Before creating the massively popular 'Squid Game,' Hwang Dong-hyuk directed a trio of films in Korea. All three are now streaming on Netflix for the first time.

By Josh Weiss
Squid Game BTS

Netflix isn't giving up on Squid Game Fever that easily. While the hit show has come to an end for now (a second season is pretty much inevitable at this point), the streamer is offering up a few more unique creations from the show's mastermind, Hwang Dong-hyuk. Those creations are a trio of original features directed by Dong-hyuk in South Korea before he created the global television phenomenon we all know and love.

The first one is titled Silenced (2011). Based on Gong Ji-Young's 2009 novel, The Crucible, the narrative centers around a teacher looking to expose sexual abuse at a school for the deaf.

"I did it intentionally to make people feel uncomfortable," Dong-hyuk told The Chosun Ilbo, a major South Korean newspaper, in 2011 while discussing Silenced. "I thought about two things when making this film. First, I wanted to let the world know about this horrific incident. Secondly, I wanted to expose the structural problems of society as revealed during the process of how the case was buried. The scenes of sexual violence and the morbid, unhappy ending were therefore inevitable."

Second up is Miss Granny (2014), a sort of reverse 13 Going on 30 story about an elderly widow who miraculously regains her youth just as she's about to be sent to a retirement home. Chatting with The Dong-a Ilbo (another Korean media outlet) in 2014, Dong-hyuk was asked about the message of the movie. 

"Our mothers and grandmothers have lived not for themselves," he explained. "I wanted to say that their lives were worth living and comfort them about their lives. I want to say that they could live freely in another life."

Lastly, we have The Fortress (2017), which was adapted from Kim Hoon's 2007 novel, Namhansanseong. The project is a historical war epic in which "King Injo and his retainers hold their ground at Namhansanseong, a historical mountain fortress," reads the plot description from Netflix. It's based on a real-world invasion of Korea that took place in the 17th century during the reign of the Joseon dynasty.

"As you saw in the movie, in the novel it depicts the winter scenery around the fortress, and the whole thing is so tragic and so painful.

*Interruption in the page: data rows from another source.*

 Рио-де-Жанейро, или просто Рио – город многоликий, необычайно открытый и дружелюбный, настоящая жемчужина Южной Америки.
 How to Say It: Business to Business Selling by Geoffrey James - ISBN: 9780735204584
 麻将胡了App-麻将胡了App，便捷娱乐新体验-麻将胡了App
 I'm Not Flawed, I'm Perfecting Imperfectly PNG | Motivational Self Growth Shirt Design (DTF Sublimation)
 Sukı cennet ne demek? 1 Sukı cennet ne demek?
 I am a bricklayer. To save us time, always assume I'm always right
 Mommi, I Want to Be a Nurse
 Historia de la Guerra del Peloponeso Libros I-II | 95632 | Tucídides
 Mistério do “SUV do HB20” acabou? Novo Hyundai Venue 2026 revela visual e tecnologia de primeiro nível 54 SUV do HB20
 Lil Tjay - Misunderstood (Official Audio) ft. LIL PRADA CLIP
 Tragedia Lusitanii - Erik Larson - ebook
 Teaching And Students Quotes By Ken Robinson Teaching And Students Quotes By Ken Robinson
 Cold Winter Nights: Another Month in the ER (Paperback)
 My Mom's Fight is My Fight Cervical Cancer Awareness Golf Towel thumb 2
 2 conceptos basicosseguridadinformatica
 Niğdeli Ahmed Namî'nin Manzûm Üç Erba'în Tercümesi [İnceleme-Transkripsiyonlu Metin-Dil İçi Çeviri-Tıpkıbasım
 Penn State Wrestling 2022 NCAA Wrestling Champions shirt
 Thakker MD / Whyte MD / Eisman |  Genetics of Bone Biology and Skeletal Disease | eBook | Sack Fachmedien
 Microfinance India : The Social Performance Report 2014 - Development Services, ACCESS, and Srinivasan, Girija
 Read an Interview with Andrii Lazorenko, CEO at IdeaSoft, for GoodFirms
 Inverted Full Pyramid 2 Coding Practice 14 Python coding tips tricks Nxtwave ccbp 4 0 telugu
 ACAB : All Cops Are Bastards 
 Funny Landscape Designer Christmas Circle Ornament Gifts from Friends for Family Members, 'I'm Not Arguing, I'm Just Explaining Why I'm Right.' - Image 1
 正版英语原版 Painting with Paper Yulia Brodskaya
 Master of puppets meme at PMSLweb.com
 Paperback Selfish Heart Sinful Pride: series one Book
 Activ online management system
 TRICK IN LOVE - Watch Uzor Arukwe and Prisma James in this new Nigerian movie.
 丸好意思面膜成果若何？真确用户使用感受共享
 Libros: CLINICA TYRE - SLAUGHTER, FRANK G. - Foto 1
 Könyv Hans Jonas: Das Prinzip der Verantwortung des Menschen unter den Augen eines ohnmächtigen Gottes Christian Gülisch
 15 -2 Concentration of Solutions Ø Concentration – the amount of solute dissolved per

But at the same time, when you look at the landscape covered by the snow and ice, it’s rather beautiful," Dong-hyuk remarked in 2017 when asked about the origins of his desire to adapt the novel. "It’s kind of ironic what I felt while reading the novel — I wanted to take the beauty of the landscape and the scenery onto a big screen through my camera." 

All three movies are now available to stream on Netflix.